Once steam begins to stream out the vent pipe, put the pressure regulator on top of the vent pipe. (The pressure regulator will maintain a steady pressure with the right amount of heat.) Once adequate pressure builds up inside the pot, the automatic air vent will pop up and seal. (The automatic air vent is the black plastic thing on the side of the lid.) Keep the heat to medium until the pressure regulator measures 10 pounds – that’s the second red ring on mine – do you see it peeking out of the top of the pressure regulator? Now turn down the heat to medium low. Make sure that the pressure regulator stays at 10 pounds. If the regulator rises, turn down the heat. If the regulator goes below 10 pounds, turn the heat up a bit. Please read “A Word About Using a Pressure Cooker” below.
Cook the green beans for 12 minutes. Turn off the heat or remove the pressure cooker from the burner, and allow all the steam to escape. Place your Country Green Beans into a bowl and serve.
If you’re using an Instant Pot, use these settings: Manual, pressure Low, Cook 14 minutes. You can allow the pressure to release on its own or release pressure using the valve on the lid. As always, be sure to follow manufacturer’s directions for Instant Pot use.
- 2 pounds fresh green beans
- 1 medium onion, diced
- 4 medium red or other waxy potato, cut into quarters
- 2 medium tomatoes, cut into eighths
- 4 strips of bacon, cut into ½ inch strips
- Salt & Pepper to taste
- ⅓ cup chicken stock, vegetable stock, or water
- Rinse the green beans. Snap off both ends and leave whole or cut in half.

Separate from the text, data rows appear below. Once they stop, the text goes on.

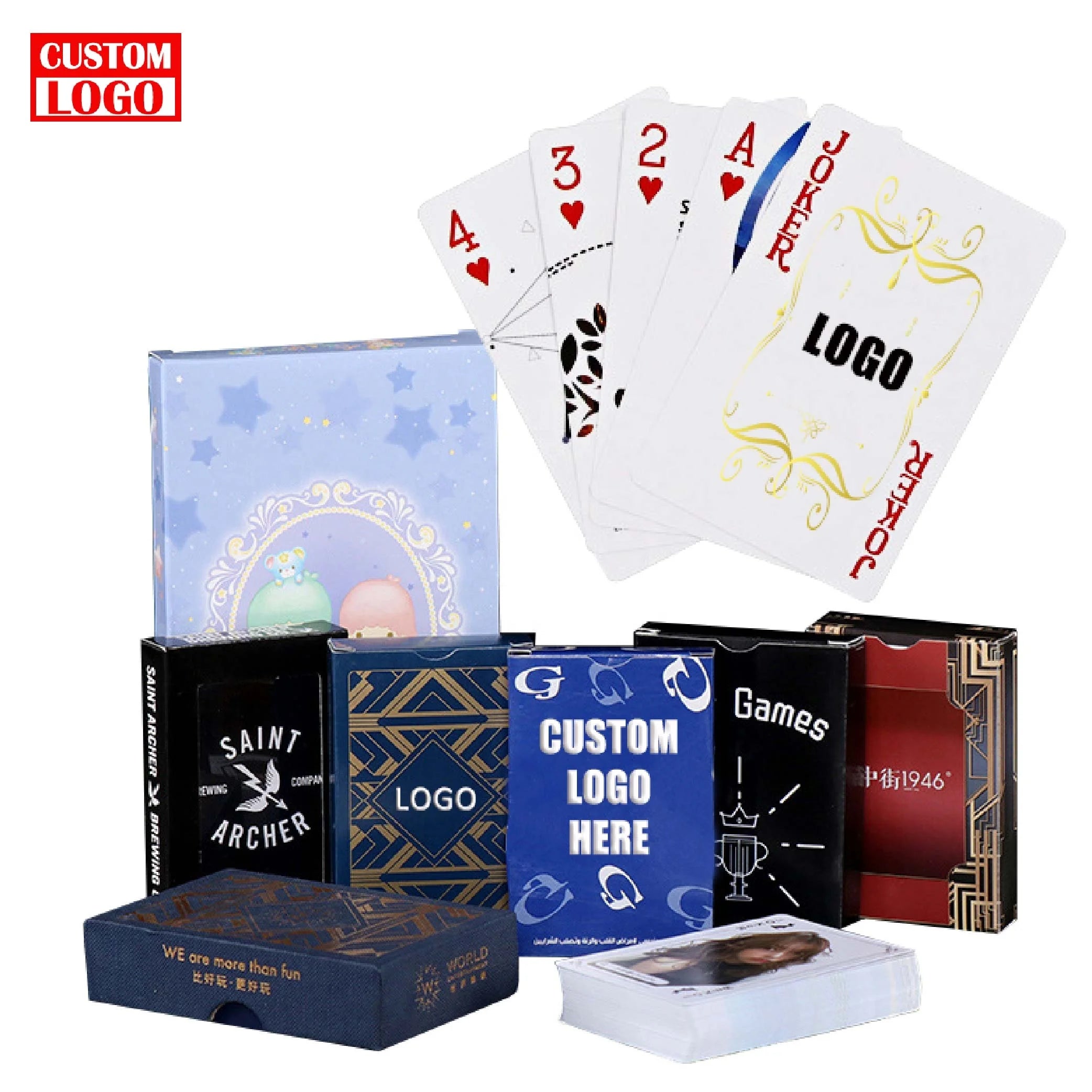 Smooth Custom Poker Custom Poker Card Paper Playing Cards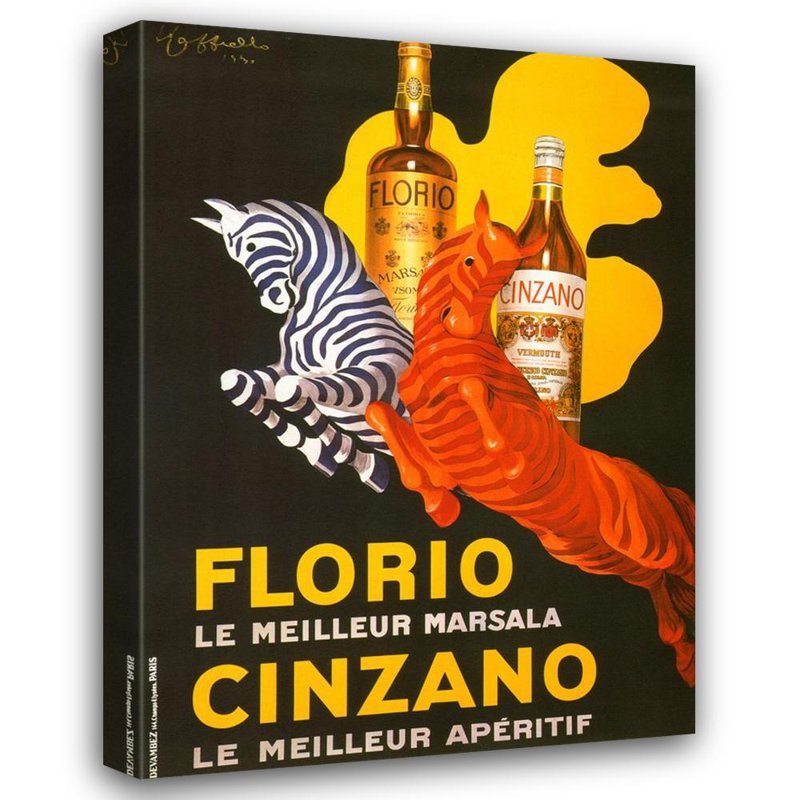 Florio E Cinzano, 1930, H 24 po x l 18 po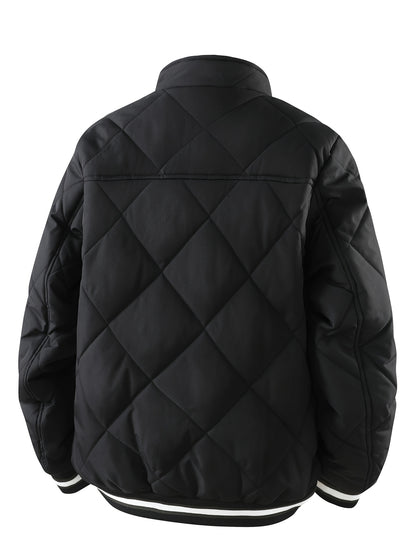 2025 New Winter Men's Sports Jacket, Fashion Casual Thickened Stand Collar Youth Trendy Outerwear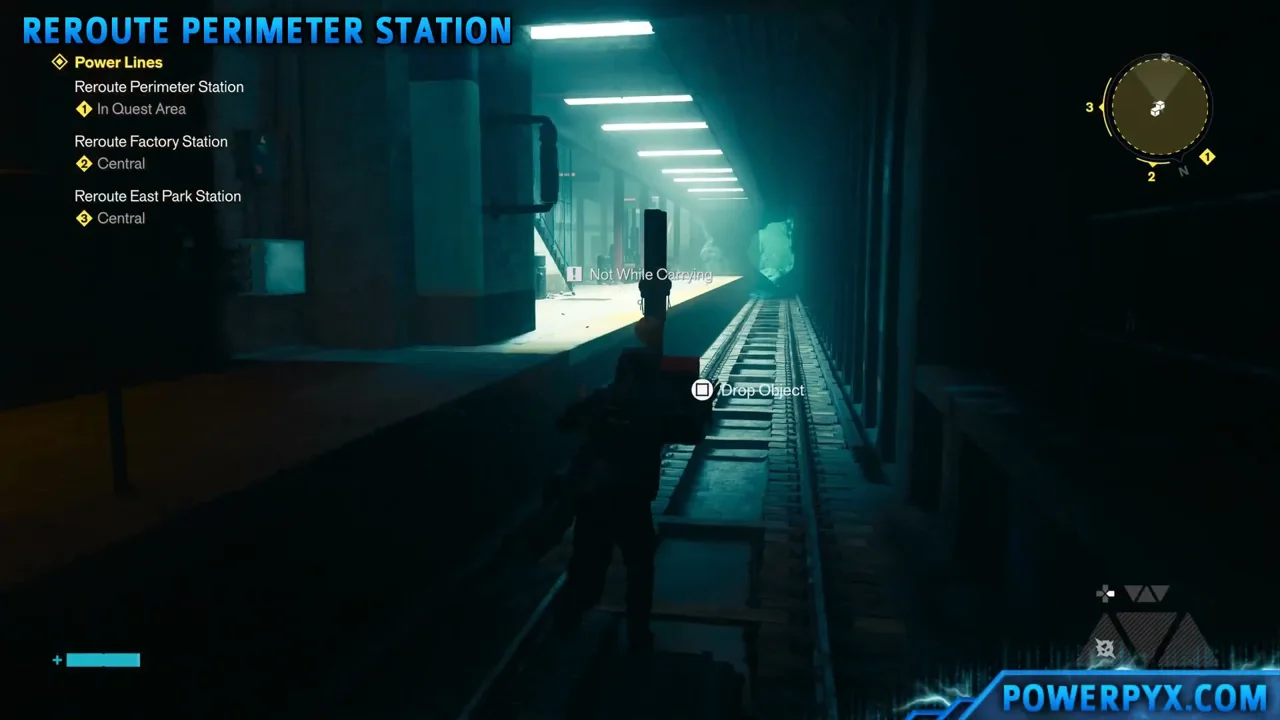 Carrying a Calibration Unit along the Perimeter rail corridor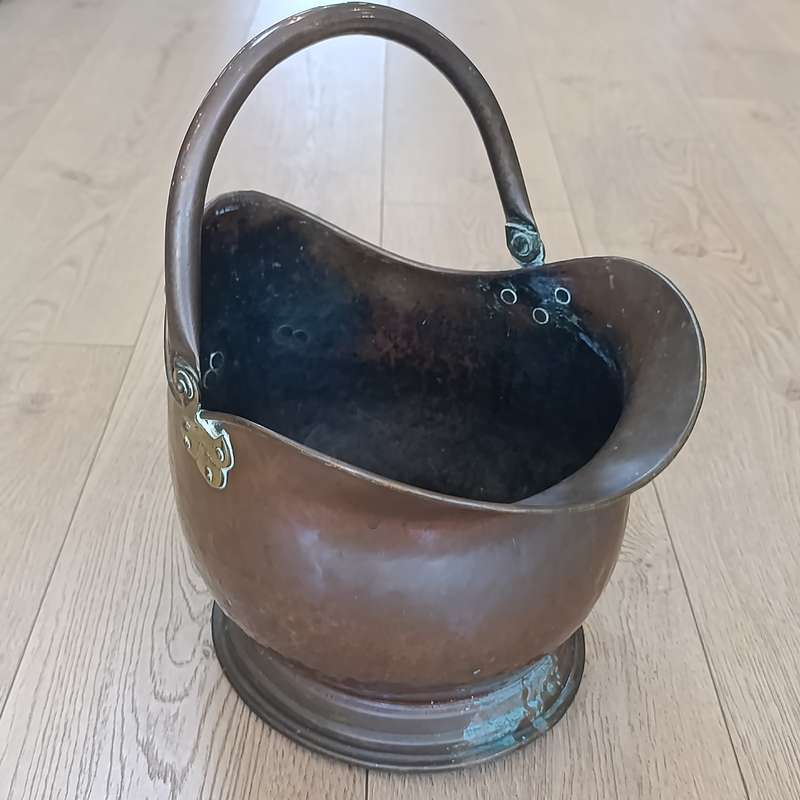 Antique Copper coal scuttle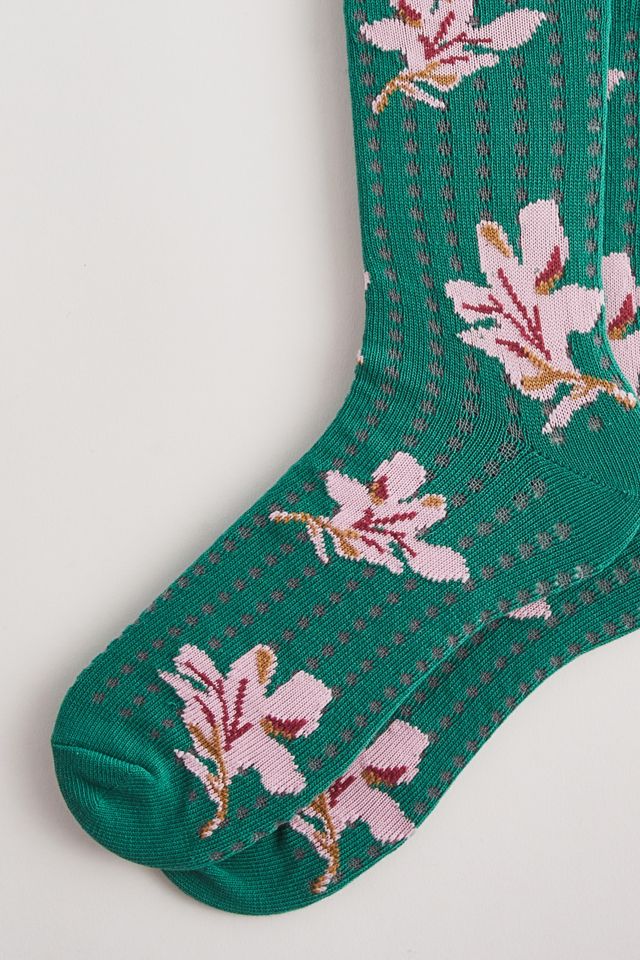 Floral Pattern Crew Sock | Urban Outfitters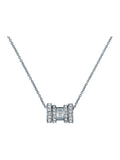 Ted Baker Romie Roll multi pendant necklace with silver tone and clear crystals (British brand)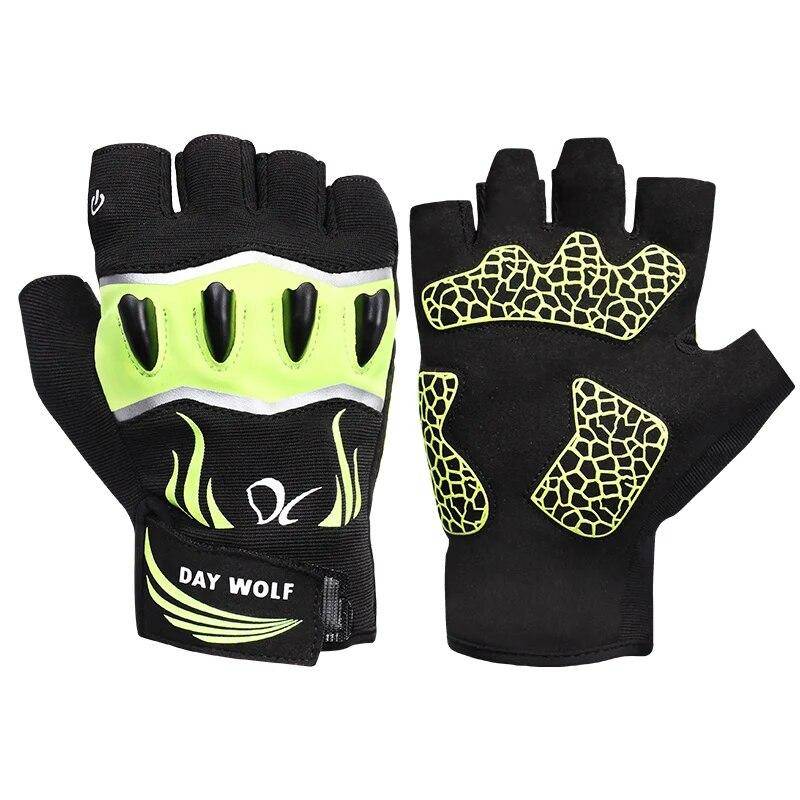 DAY WOLF LED-Taschenlampe Leuchtende Angelhandschuhe für Herren Atmungsaktive Outdoor-Handschuhe mit Lichtern an den Fingern LED-Taschenlampenhandschuh XXL von Joom DACH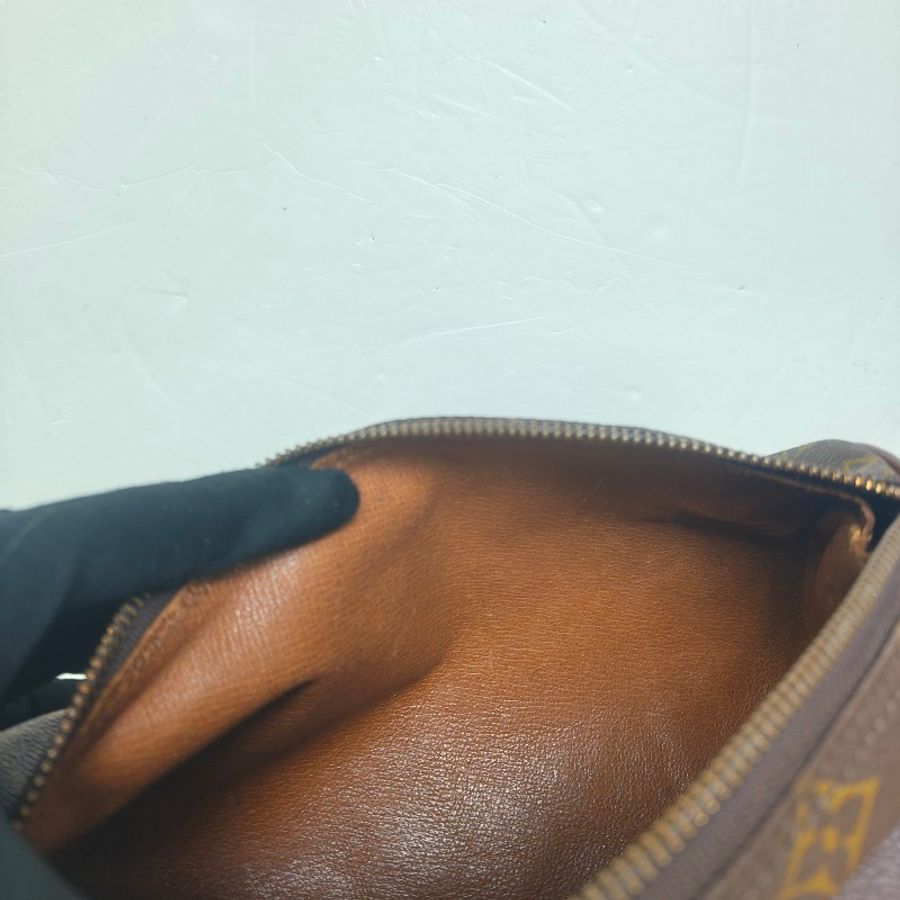 🔥6/13-6/29年中慶🔥【超狂優惠】㊣✨Louis Vuitton✨(附防塵袋)路易威登 LV 老花 紅皮 巴比龍 26 圓筒包 手提包/二手精品/二手包/保證正品🌳二手樹屋🌳-33
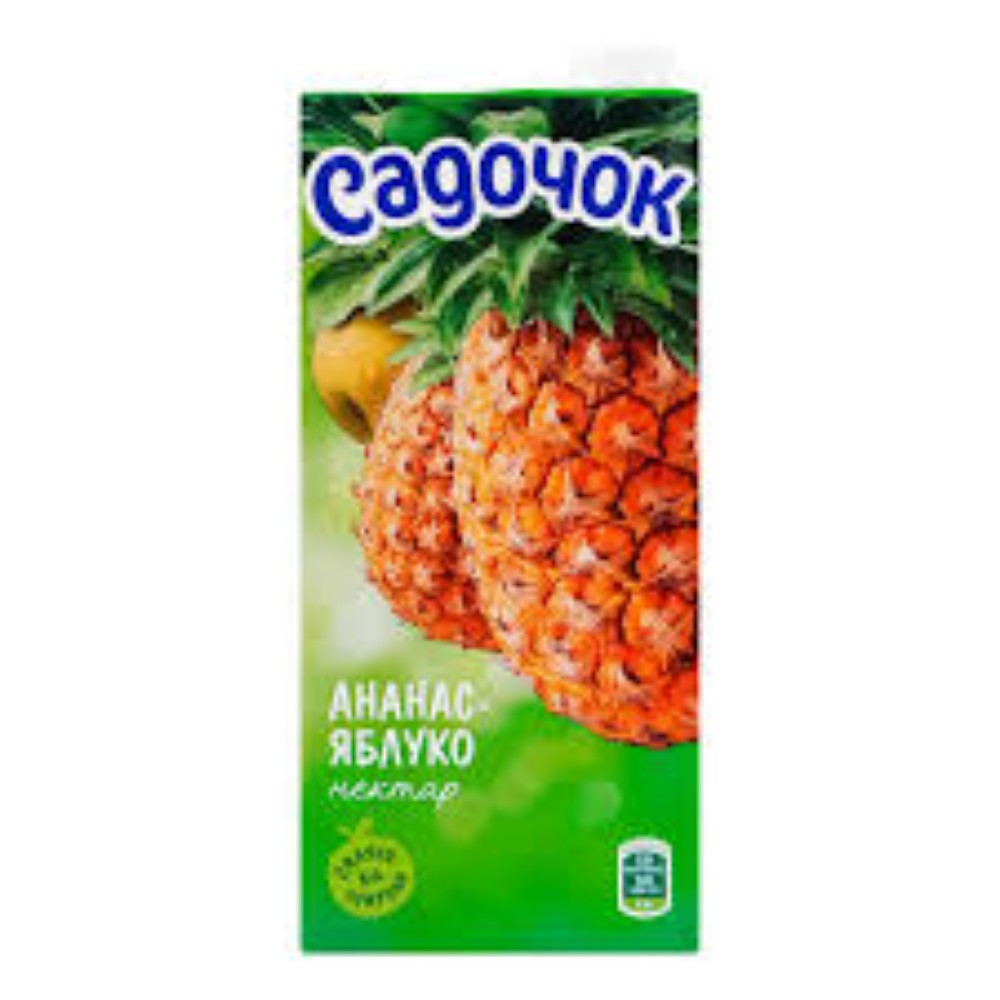 Нектар Ананасово-яблучний неосвітлений ТМ "Садочок" 0.95 л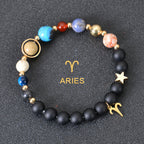 Olivenorma Twelve Constellations Eight Planets Gemstone Bracelet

- Brown bacon strips in a pressure cooker until browned and crispy. Remove bacon bits to a plate lined with a paper towel. Set aside. Drain off bacon grease, but leave about 1-2 Tablespoons for the onions.
- Add chopped onion to the pot. Cook for 8-10 minutes over medium heat, until onions are translucent and beginning to brown.
- Layer ½ of the green beans on top of the cooked onions.
- Layer all of the potatoes.
- Layer remaining ½ of the green beans.
- Layer the tomatoes. Sprinkle with bacon bits. Add salt, pepper, and chicken stock.
- Put the lid on the pressure cooker. Lock the lid. Maintain medium heat, until steam begins to vent from the top of the lid. Place the pressure regulator. Bring the pressure cooker to 10 pounds of pressure. Reduce heat to medium-low or temperature to maintain 10 pounds pressure.
- Cook for 12 minutes.
- Turn off the heat or remove the intact pressure cooker from the burner. Wait until all the pressure is released from the cooker. This might take 10-15 minutes. Unlock and remove the lid.
- Pour the beans into a bowl and serve.
A Word About Using a Pressure Cooker
Pressure cookers cook ingredients at lower temperatures under pressure. Foods cook quicker, retain more nutrients, and meats tenderize. Once you’ve learned to use one safely, a pressure cooker is a valuable tool. But, once you have the lid locked in place, do not remove it until the cooking is finished and the all the pressure has released from the pot. Do not remove the lid as soon you turn off the heat or remove the pot from the burner. Wait for the pot to cool down, and for the steam to stop venting. Newer pressure cookers have release valves, so you can release the steam and pressure, and open the pot sooner, but don’t try that on one as old as my Grandma’s. (My mother did once, and the whole thing exploded hot boiling food all over the kitchen, sending her to the hospital with second degree burns.) You shouldn’t be afraid to use one, but be sure to follow the manufacturer’s instructions for safe operation.